The Complete “Tibbo’s Pages”

3. Tibbo

I’ve failed. I found another job to do while I wait for Kat, but I’ve failed it too.

I came back to the vault to wait for her here. It’s been so long since I saw her. I can’t move as well anymore. I left my pages at the places where we met. If she finds them, she can find me.

Why doesn’t she come?

I thought I had another job I could do while I waited. I found something else hidden in the vault. There are a few secret panels under the computer screens. I moved one and found some tools and equipment. I moved another one and found them. Four frozen babies in round tanks. The smallest one was as big as my hand. They must have been stored to be adjusted later.

I thought I could wake them and raise them with me here. I wouldn’t be alone. They wouldn’t have to become what I was. We could all wait for Kat together.

I failed with the first one. I think I woke him too fast. He cried a lot suddenly, and then fell silent. I put him in the ground outside the town.

I tried to be more careful with the other three. I got everything I thought I would need, the oxygen to breathe, the food and nutrients, the warmth. I thought I had everything.

I don’t know what went wrong. That’s the worst part. I was minding them carefully. They were waking. I saw them start to move. Then something broke. There was an alarm, and flashes of fire. Glass shattered. I rushed to the babies, but the first one was dead, burned by the fire. The second was cut by the glass. The last one lay in the midst of the glass, still breathing. I scooped her out without thinking. The glass cut my fingers, but it didn’t get her. Her cries were so small I couldn’t hear them.

I went back to the freezer where the babies had been stored. I didn’t want to put her back. I was close to having someone again. But she couldn’t survive out here, not when I didn’t know what she needed to live. I put her back and froze her again.

I’ve tried to figure out another way, but I don’t dare risk it till I’m sure. I’m wearing down. I can’t move, and my fingers haven’t healed. It’s hard to write these words.

I hope whoever reads this will be able to do better. I hope you can help this last baby. Wake her.
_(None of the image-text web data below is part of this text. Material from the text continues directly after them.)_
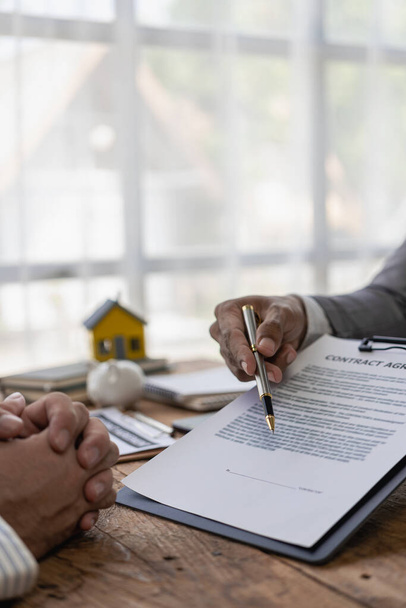 Агент з нерухомості обговорює умови договору купівлі будинку і просить клієнта підписати документ для юридичного укладення договору. вертикальне зображення - Фото, зображення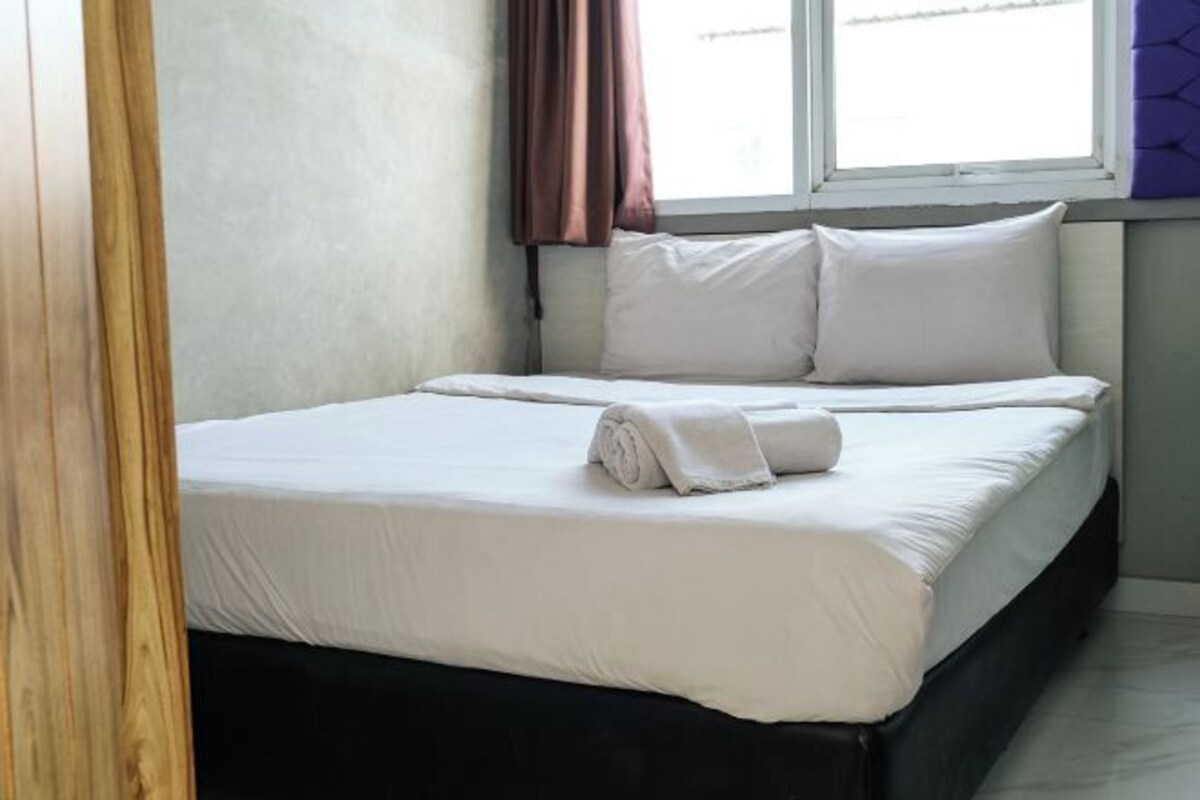 A neatly made bed with white linens and a rolled towel, a window with curtains, and a wooden door frame.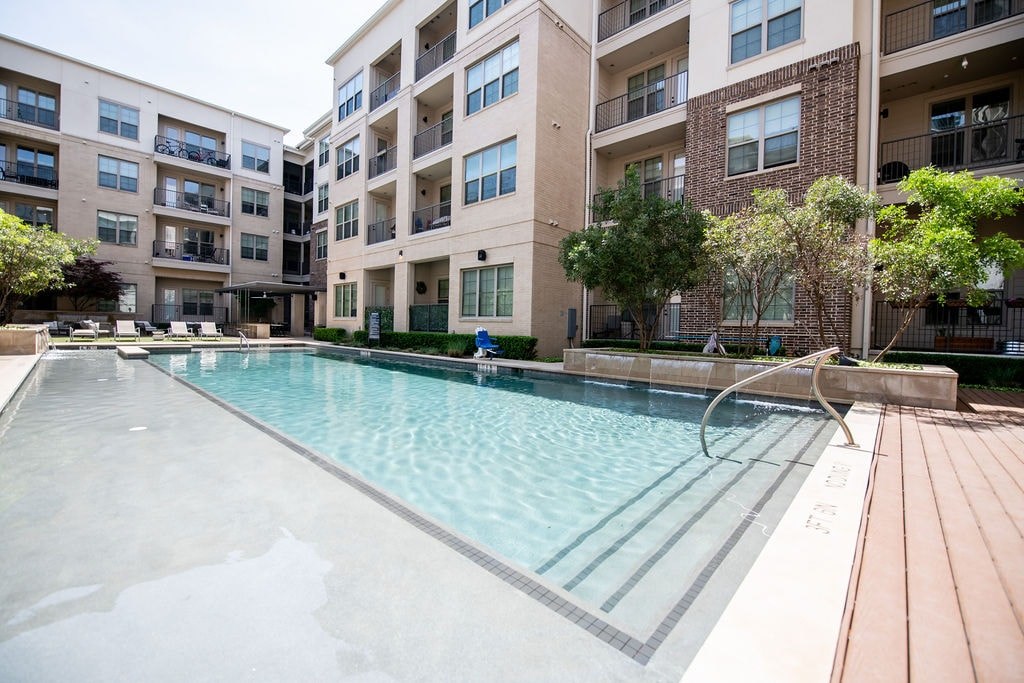 A large swimming pool in front of apartment buildings.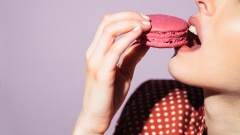 Eine Frau isst ein pinkes Macaron.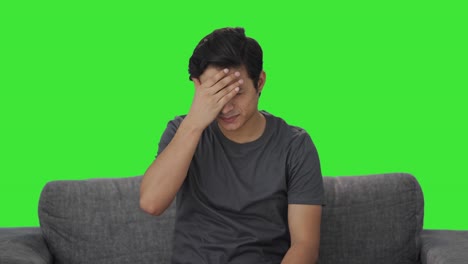 sick indian man suffering from headache green screen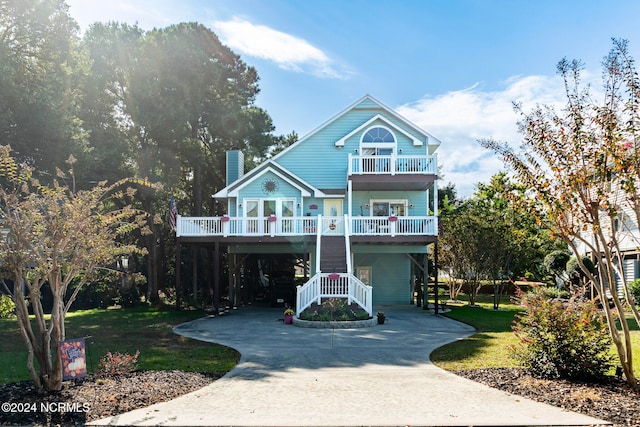 raised beach house with concrete driveway, a front yard, a chimney, a balcony, and a carport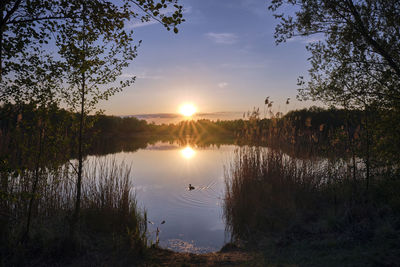 Scenic view of lake against sky during sunset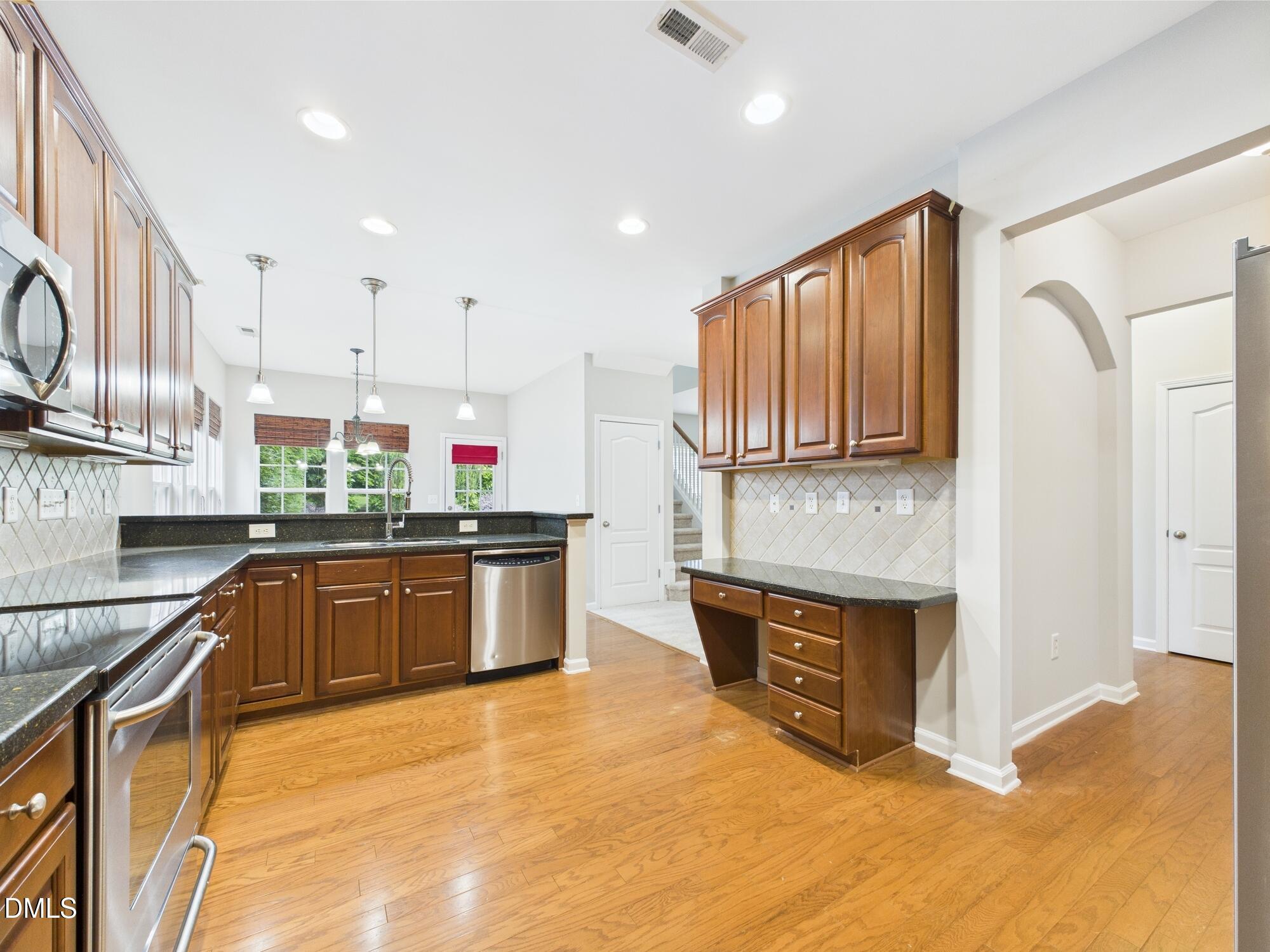 12589 Honeychurch Street Raleigh, NC 27614 - Photo 68 of 100 a kitchen with stainless steel appliances granite countertop a stove a sink and a microwave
Take care of her.

And please name her Kat.

*

4. Fibbin “the Wizard”

I still remember breaking through the door and seeing the room: the table in the center like an eerie metal altar with a human skeleton lying across it, the last page in its hand. I had already collected the rest of Tibbo’s pages and assumed this must be him. The note confirmed it. I buried him outside the town.

I knew I had to listen to his last request, but I wasn’t sure I could do it. I was a crackpot technologist, not a pediatrician. But when I looked into the tank and saw the baby there, I determined to try.

It wasn’t a perfectly sanitary process, but I managed. At the end of it, I stood there in awe, a mad tinkerer in the remaining wreckage of an evil experiment, holding in my hands a sixty-year-old newborn, my baby girl, my Kat.

Sometimes I wonder if I should tell her. Sometimes I feel guilty when she runs into my arms and calls me daddy, not knowing that I’m little more than a midwife. Tibbo should have been her father. He was a better man than I’ve been.

But I can’t tell her. Where could I start? The most I can do is read her the story and hope she senses it’s true. Please forgive me, Tibbo. Forgive me for taking your child. Perhaps one day I’ll be able to tell her.

Perhaps one day you can have her back.